**DATASET ENTRIES**
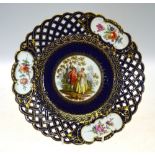 A Meissen blue ground cabinet plate with reticulated rim,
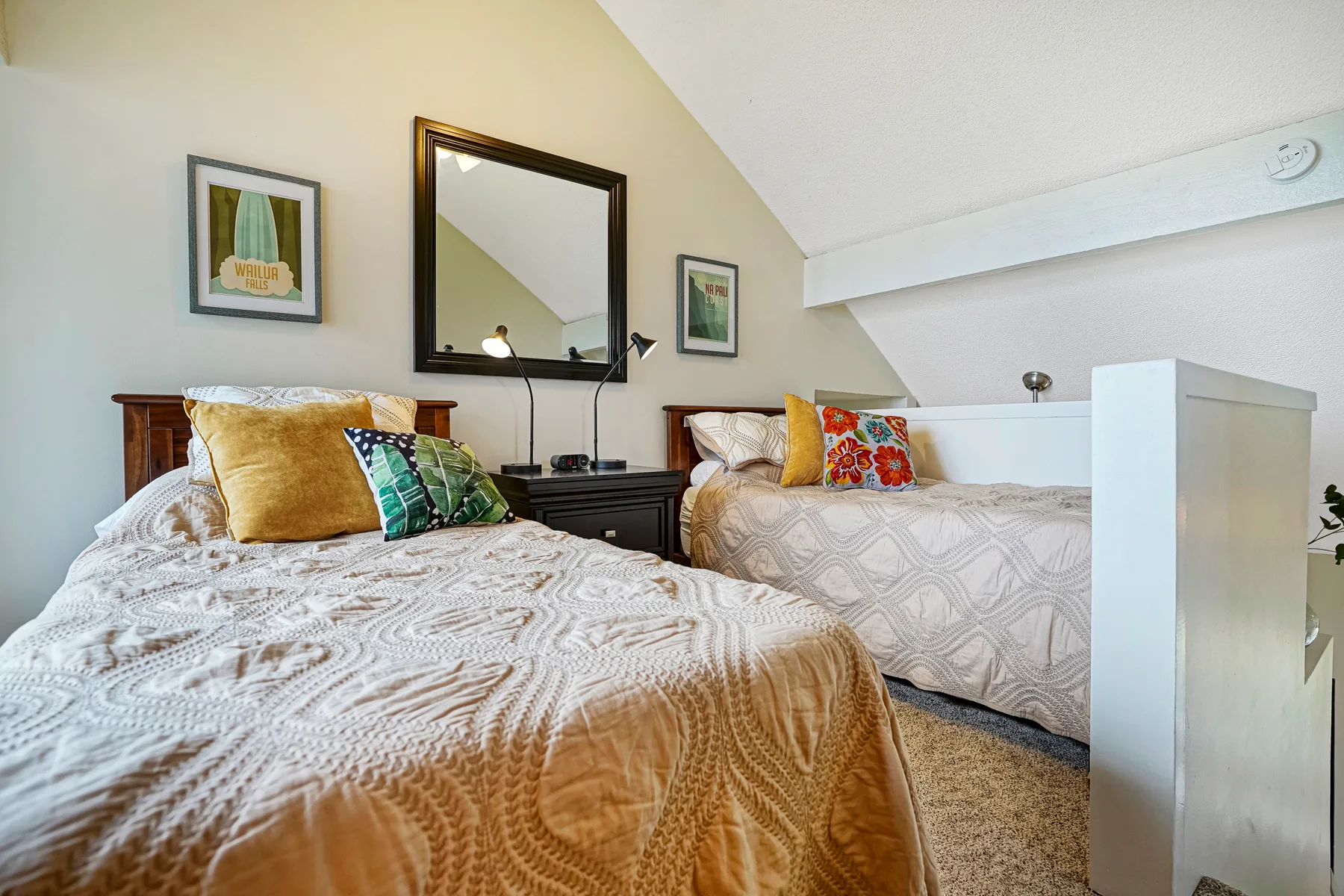 A bedroom with two beds, patterned bedding, and framed wall art.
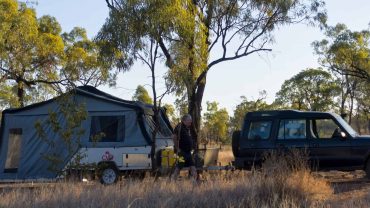 Camping setup with caravan and vehicle in the Australian bush.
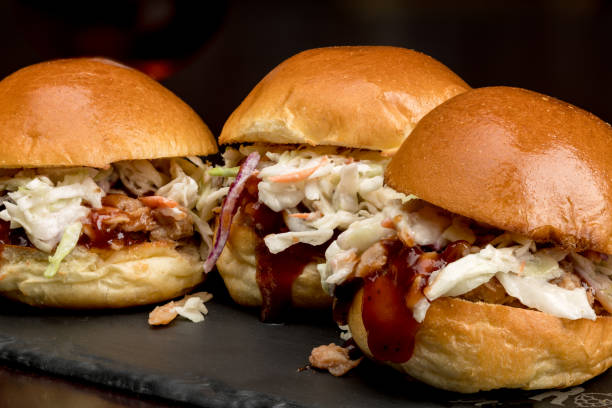 istock Close up of three perfectly built Pulled Pork Sliders 1017255920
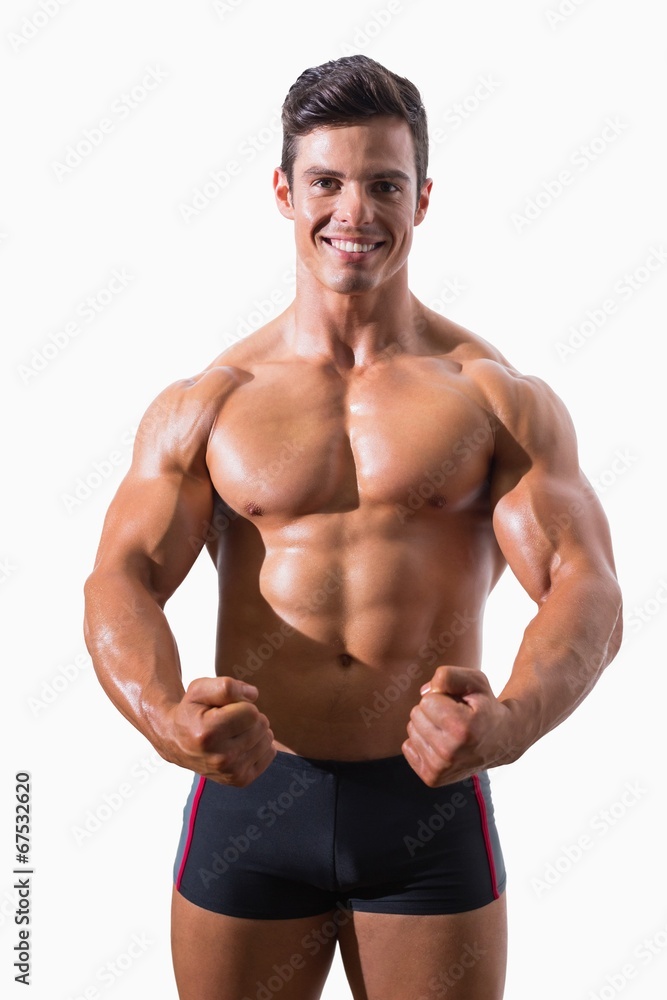 Portrait of a muscular young man clenching fists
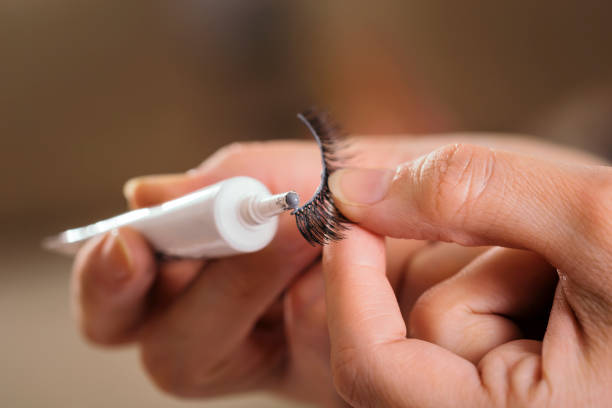 Make up artist adding glue on artificial eyelashes stock photo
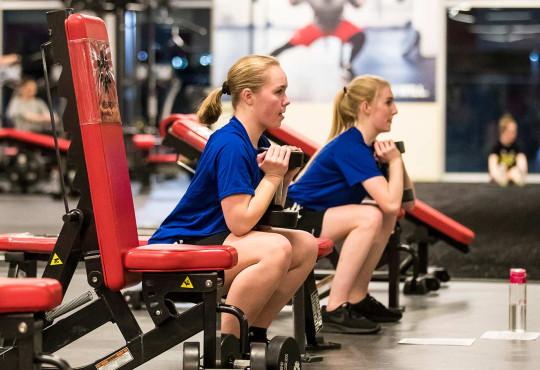 Two athletes training together doing goblet squats in the performance training centre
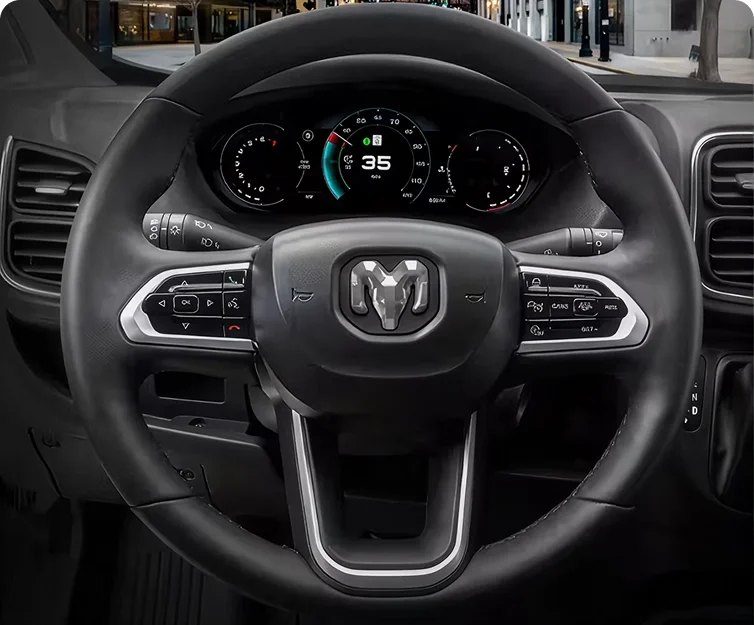 RAM steering wheel and instrument cluster showing a green speed limit indicator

**WORK ORDER**
Exactly the lines running from the one with "Portrait of a" through the end of the listing above must be output, both ends included. No pictures belong in the output.

**RESULT**
 Portrait of a muscular young man clenching fists
 Make up artist adding glue on artificial eyelashes stock photo
 Two athletes training together doing goblet squats in the performance training centre
 RAM steering wheel and instrument cluster showing a green speed limit indicator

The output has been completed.